Yesterday, Reuters noted that shadowy Islamists are now operating overtly in the Sinai:
Quietly, barely noticed by outsiders fascinated by upheavals in Cairo and other Arab capitals, they are building a presence in Sinai that might offer a new haven for anti-Western militancy at the strategic junction of the Mediterranean, Africa and Asia.
When finally one of the men broke a silence that hung heavy on the barren plain, it was to explain to a reporter their demands: for the government to release five comrades jailed for bombings of tourist resorts in Sinai more than six years ago.
“We are ready to die under tanks for this,” he said, refusing to give his name and saying little else beyond muttering Islamic mottos as he toured the positions the militants had established to surround the base, inconveniencing dozens of troops from the Multinational Observer Force, a unit set up in 1979 to monitor Egypt’s U.S.-brokered peace treaty with Israel.
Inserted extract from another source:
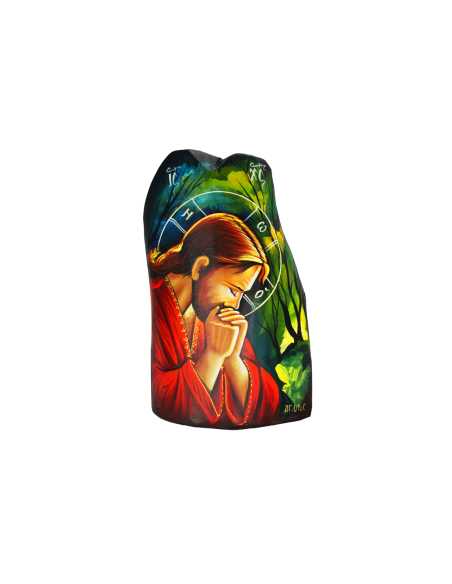 Спаситель Иисус Христос Молящийся писаная икона ручной работы со Святой Горы Афон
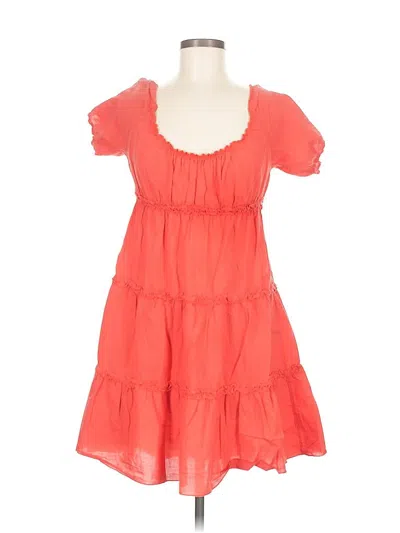 Pre-owned Assorted Brands Casual Dress In Orange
Under a rare rainy sky on a Thursday night in March, the men would only speak with the permission of a man they simply referred to as “sheikh”. A wolf’s cry pierced the otherwise tranquil scene outside the remote base that is home to foreign peace observers including Fijians, Americans and Spaniards.
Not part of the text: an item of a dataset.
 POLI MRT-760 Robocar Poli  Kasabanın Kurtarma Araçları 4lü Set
Not a shot was fired in anger, however, and the next day, the group lifted their eight-day siege. It was not because they feared arrest or attack by the authorities. But instead they had secured their demands. The government agreed to free the men accused of being part of a group which carried out the 2004 and 2005 attacks that killed some 125 people at the Red Sea beach resorts of Sharm el-Sheikh, Dahab and Taba.
Given who has been released, it is very likely that this unnamed group is linked to Ansar al Jihad, the military wing of al Qaeda in the Sinai, which was officially formed in December 2011 and swore allegiance to al Qaeda in January.
Ansar al Jihad and other Islamist factions have been strengthened after the military freed hundreds of convicted terrorists from prisons following the ouster of former President Mubarak and the establishment of a caretaker military government. Meanwhile, Islamists from the radical Muslim Brotherhood and an alliance of Salafist parties, one of which is run by the founder of Egyptian Islamic Jihad, the terrorist group that merged with al Qaeda, have dominated the Egyptian parliament and will craft the country’s new constitution. Aboud al Zomor, the head of the Salafist Building and Development Party, has welcomed the return of Ayman al Zawahiri and said he would be given safe haven. Zomor and his brother Tarek were imprisoned for their role in President Anwar Sadat’s assassination but were freed after Egypt’s Arab Spring.
Reuters said that all of this was “a scenario unthinkable a year or so ago.” But the Muslim Brotherhood and other Islamist groups were the only real organized opposition to Mubarak’s rule. Who did Reuters expect to fill the void once the military began to pull back from power?